Well, “currency manipulation” has been no less than a popular sloganeering of “us against them” politics meant to attain political goals.

Such political goal has been subtly designed for the protection of the privileged business interests allied with the political class through trade restrictions or through the transformation “of the economy from roughly laissez-faire to centralized, coordinated statism” as the great dean of Austrian school of economics Murray N. Rothbard pointed out.

This is called neo-mercantilism.

In the 80s, rising Japan had been painted as a threat to American economic standings, such that hate and envy based politics echoed the call for neo-mercantilist protectionism, again from Professor Rothbard,
Protectionism, often refuted and seemingly abandoned, has returned, and with a vengeance. The Japanese, who bounced back from grievous losses in World War II to astound the world by producing innovative, high-quality products at low prices, are serving as the convenient butt of protectionist propaganda. Memories of wartime myths prove a heady brew, as protectionists warn about this new "Japanese imperialism," even "worse than Pearl Harbor." This "imperialism" turns out to consist of selling Americans wonderful TV sets, autos, microchips, etc., at prices more than competitive with American firms.

Is this "flood" of Japanese products really a menace, to be combated by the U.S. government? Or is the new Japan a godsend to American consumers? In taking our stand on this issue, we should recognize that all government action means coercion, so that calling upon the U.S. government to intervene means urging it to use force and violence to restrain peaceful trade. One trusts that the protectionists are not willing to pursue their logic of force to the ultimate in the form of another Hiroshima and Nagasaki.
With Japan suffering from a humongous bubble bust that has led to a lost decade, today such political bogeyman has shifted to China.

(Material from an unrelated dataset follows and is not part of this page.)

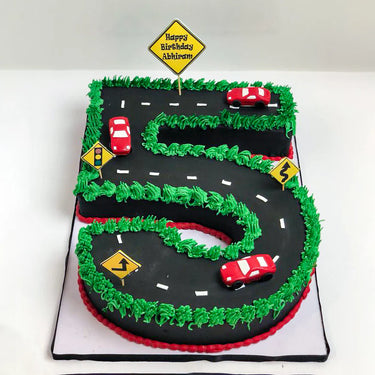 Number 5 Car Theme Cake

The mainstream (mostly representing captured interests) has used all sorts of highly flawed and deceptive technically based assumptions and theories as cheap labor theory, cheap currencies, global savings glut, global imbalances and others to divert or camouflage the public’s attention from the unintended consequences from serial interventionist domestic policies and bubble monetary policies by riling up or conjuring emotive nationalist or xenophobic sentiment.

Gullible public opinion are easily swayed due to either the dearth of economic understanding or because they are blinded from the obsession to politics.

As the great Ludwig von Mises pointed out (OMNIPOTENT GOVERNMENT p.183)
People favor discrimination and privileges because they do not realize that they themselves are consumers and as such must foot the bill. In the case of protectionism, for example, they believe that only the foreigners against whom the import duties discriminate are hurt. It is true the foreigners are hurt, but not they alone: the consumers who must pay higher prices suffer with them.
And part of that reality has not entirely been about achieving some dubious trading objectives but to expand credit, again for political goals.

Again the Professor von Mises, (Human Action)
While the size of the credit expansion that private banks and bankers are able to engineer on an unhampered market is strictly limited, the governments aim at the greatest possible amount of credit expansion. Credit expansion is the governments' foremost tool in their struggle against the market economy. In their hands it is the magic wand designed to conjure away the scarcity of capital goods, to lower the rate of interest or to abolish it altogether, to finance lavish government spending, to expropriate the capitalists, to contrive everlasting booms, and to make everybody prosperous.
The politics of neomercantilism exploits economic patsies and the politically blind in the name of nationalism for the benefit of political class, vested interest groups and or their cronies at the expense of society.